よその思ひやりはいつくしく、もの馴《な》れて見えたてまつらむも恥づかしく推《お》しはかられたまふに、ただかばかり思ひつめたる片はし聞こえ知らせて、なかなかかけかけしき事はなくてやみなん、と思ひしかど、いとさばかり気《け》高う恥づかしげにはあらで、なつかしくらうたげに、やはやはとのみ見えたまふ御けはひの、あてにいみじく思ゆることぞ、人に似させたまはざりける。さかしく思ひしづむる心もうせて、いづちもいづちも率《ゐ》て隠したてまつりて、わが身も世に経るさまならず、跡絶えてやみなばや、とまで思ひ乱れぬ。

ただいささかまどろむともなき夢に、この手《て》馴らしし猫のいとらうたげにうちなきて来たるを、この宮に奉らむとてわが率《ゐ》て来たると思しきを、何しに奉りつらむ、と思ふほどに、おどろきて、いかに見えつるならむと思ふ。

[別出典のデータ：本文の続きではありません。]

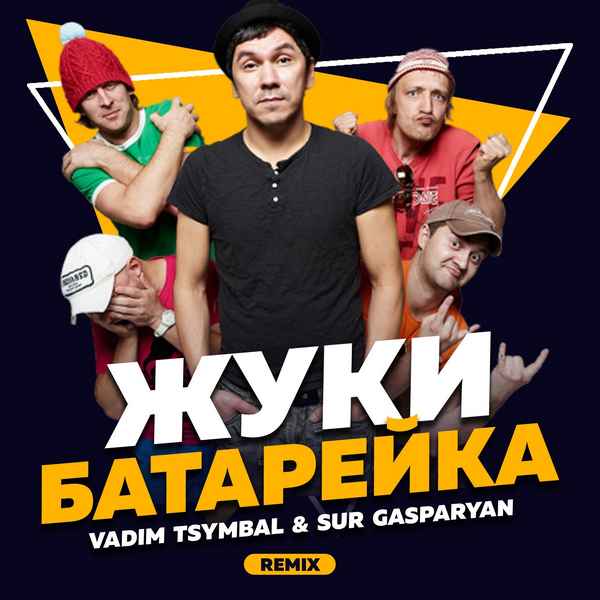 Жуки Батарейка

宮は、いとあさましく、現《うつつ》ともおぼえたまはぬに、胸ふたがりて思しおぼほるるを、「なほ、かく、のがれぬ御|宿世《すくせ》の浅からざりける、と思ほしなせ。みづからの心ながらも、うつし心にはあらずなむおぼえはべる」。かのおぼえなかりし、御簾《みす》のつまを猫の綱ひきたりし夕《ゆふべ》のことも、聞こえ出でたり。げに、さはたありけむよ、と口惜《くちを》しく、契《ちぎ》り心憂き御身なりけり。院にも、今は、いかでかは見えたてまつらむ、と悲しく心細くていと幼げに泣きたまふを、いとかたじけなく、あはれ、と見たてまつりて、人の御涙をさへ拭ふ袖《そで》は、いとど露けさのみまさる。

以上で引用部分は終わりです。